Snitz Forums 2000
Snitz Forums 2000
Home | Profile | Register | Active Topics | Members | Search | FAQ
Username:
Password:
Save Password
Forgot your Password?

 All Forums
 Community Forums
 Code Support: ASP (Non-Forum Related)
 Lisp algorithm to vb asp
 New Topic  Topic Locked
 Printer Friendly
Author Previous Topic Topic Next Topic  

Podge
Support Moderator

Ireland
3776 Posts

Posted - 27 August 2007 :  19:04:58  Show Profile  Send Podge an ICQ Message  Send Podge a Yahoo! Message
I'm trying to convert a lisp algorithm to vb. This is the lisp alg.
(let ((g (* 2 (or (gethash word good) 0)))
      (b (or (gethash word bad) 0)))
   (unless (< (+ g b) 5)
     (max .01
          (min .99 (float (/ (min 1 (/ b nbad))
                             (+ (min 1 (/ g ngood))   
                                (min 1 (/ b nbad)))))))))
To divide in lisp is this format (/ dividend divisor) i.e. (/ 10 5) = 2
float(integer) just converts an integer to a float
The bit in red above should equate to the bit in red below. I think this is where the problem is.
vb don't have a min & max function so I have included my own below. I realise they could be prettier.

Function wordProb (word)
		nGood = 4000 ' number of good topics and replies 
		nBad = 4000 ' number of bad topics and replies 
		g = 10 ' good word frequency to be pulled from db
		b = 10 ' bad word frequency to be pulled from db
		g = g * 2 ' good word bias
		
		if (g + b) > 5 then ' only consider words with a frequency greater than 5
			calculateWordProbability = Max(.01,(Min(.99, (Min(1,b/nbad))))) / (Min(1,g/nGood) + Min(1,b/nBad))
		else
            		calculateWordProbability = 0.4 'word is not popular in the db so assign default value of .4
		end if

End function

Function Min(a, b)
	if a > b then 
		Min = b
	else 
		Min = a
	end if
end function

Function Max(a, b)
	if a > b then 
		Max = a
	else 
		Max = b
	end if
end function
I cannot test the lisp alg. as I don't have a lisp interpreter/compiler but I'm sure that values returned should be between 0.01 & 0.99. The hardcoded values above return 1.33333333333333.

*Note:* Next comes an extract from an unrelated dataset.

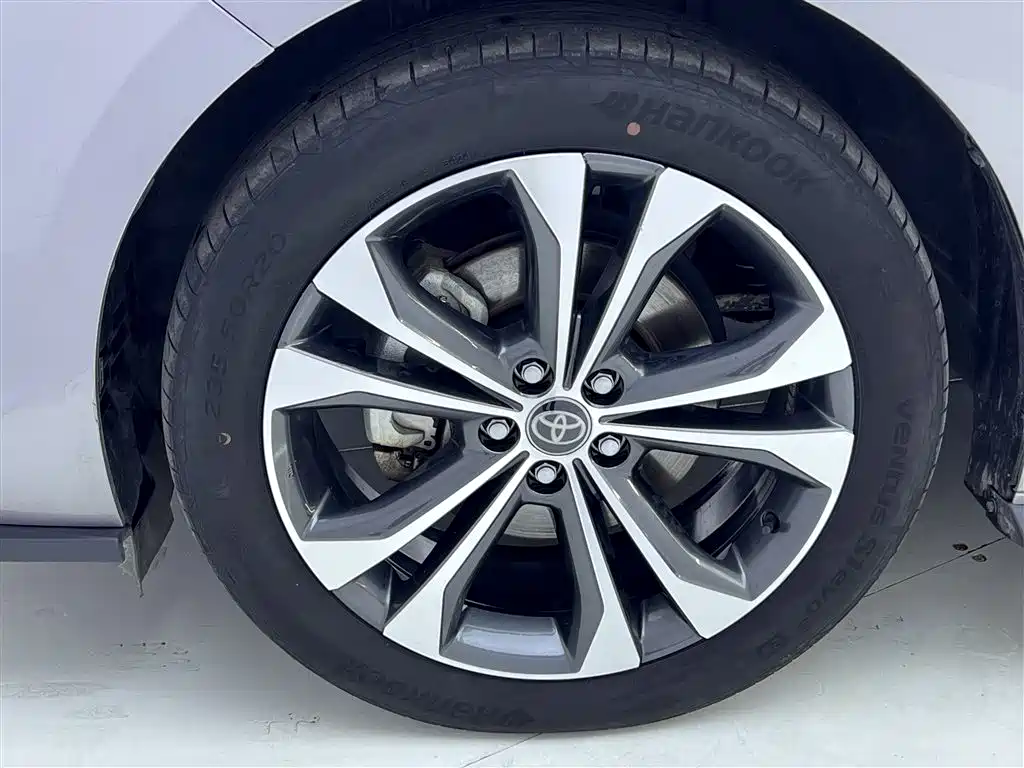 Toyota Granvia 2023 2.5L Hybrid Noble PLUS Edition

Any lisp experts out there ? Anyone see where I'm going wrong ?

Podge.

The Hunger Site - Click to donate free food | My Blog | Snitz 3.4.05 AutoInstall (Beta!)

My Mods: CAPTCHA Mod | GateKeeper Mod
Tutorial: Enable subscriptions on your board

Warning: The post above or below may contain nuts.

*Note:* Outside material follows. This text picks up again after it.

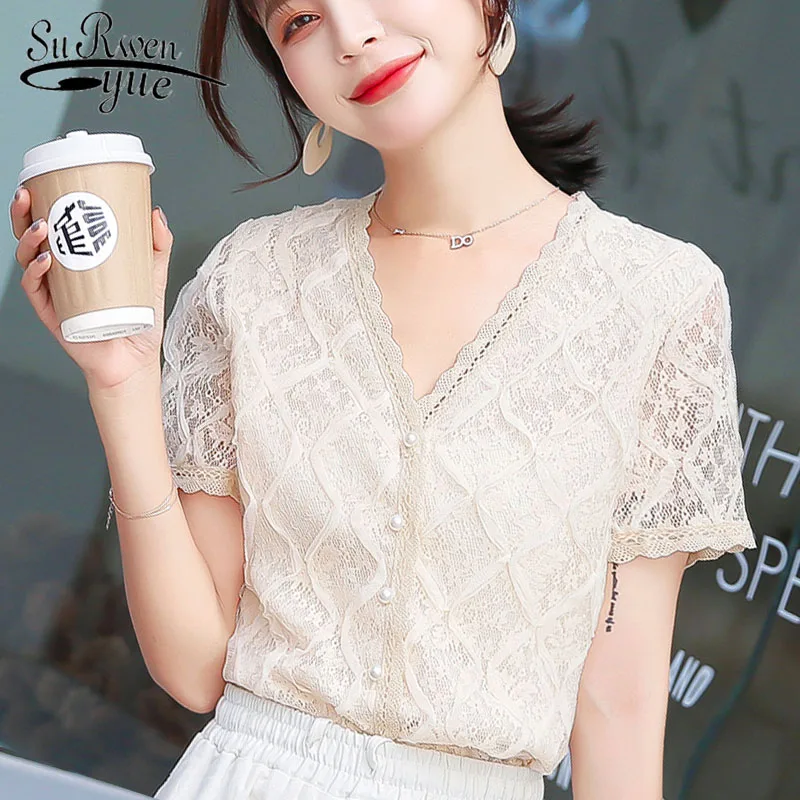 Женская блузка с коротким рукавом и v-образным вырезом однотонная розовая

Edited by - Podge on 27 August 2007 19:05:38

HuwR
Forum Admin

United Kingdom
20595 Posts

Posted - 28 August 2007 :  04:00:04  Show Profile  Visit HuwR's Homepage
I think your brackets are wrong, shouldn't it be more like

Max(.01,(Min(.99, (Min(1,b/nbad)))) / (Min(1,g/nGood) + Min(1,b/nBad)))

Go to Top of Page

Podge
Support Moderator

Ireland
3776 Posts

Posted - 28 August 2007 :  08:34:57  Show Profile  Send Podge an ICQ Message  Send Podge a Yahoo! Message
Good man HuwR. Looks like it worked.

I don't suppose you know how to combine probabilities ?

For example

.01 probability means its a good word
.05 probability means its a neutral word
.99 probability means its a bad word

The three words in a sentence have the following probabilities

.90
.97
.98

Then you can be 100% (.99 probability) that the sentence is a bad sentence.

How is this calculated mathematically ?

Podge.

The Hunger Site - Click to donate free food | My Blog | Snitz 3.4.05 AutoInstall (Beta!)

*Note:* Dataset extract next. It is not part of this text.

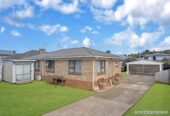 Brick 3 beds 1 bath house with standalone double garage on 561m2 section, close to Pukekohe township, schools, childcare centres, parks, and public transport, 0.2 km to Pukekohe North School, 34 Montgomery Avenue, Pukekohe, Auckland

My Mods: CAPTCHA Mod | GateKeeper Mod
Tutorial: Enable subscriptions on your board

Warning: The post above or below may contain nuts.
Go to Top of Page

HuwR
Forum Admin

United Kingdom
20595 Posts

Posted - 28 August 2007 :  09:54:03  Show Profile  Visit HuwR's Homepage
sorry no ,couldn't you just keep a running count of badwords and if you have > 3 that are over 0.9 then flag the sentance as bad.
Go to Top of Page

Podge
Support Moderator

Ireland
3776 Posts

Posted - 28 August 2007 :  10:08:05  Show Profile  Send Podge an ICQ Message  Send Podge a Yahoo! Message
What happens though if you have 15 words with all different probabilities ranging from .01 to .99 ?

Podge.

The Hunger Site - Click to donate free food | My Blog | Snitz 3.4.05 AutoInstall (Beta!)

My Mods: CAPTCHA Mod | GateKeeper Mod
Tutorial: Enable subscriptions on your board

Warning: The post above or below may contain nuts.
Go to Top of Page

HuwR
Forum Admin

United Kingdom
20595 Posts

Posted - 28 August 2007 :  10:35:22  Show Profile  Visit HuwR's Homepage
surely you would just ignore the low probability ones since it is only the high probability words you are interested in
Go to Top of Page

Podge
Support Moderator

Ireland
3776 Posts

Posted - 28 August 2007 :  11:00:26  Show Profile  Send Podge an ICQ Message  Send Podge a Yahoo! Message
I cannot discard the low (good) probability ones as I need to know whether its a good or a bad sentence. If you discard the low ones you're automatically creating bias for all sentences towards being bad. Thats not good considering the function above includes two lines specifically to increase good word bias.

Podge.

The Hunger Site - Click to donate free food | My Blog | Snitz 3.4.05 AutoInstall (Beta!)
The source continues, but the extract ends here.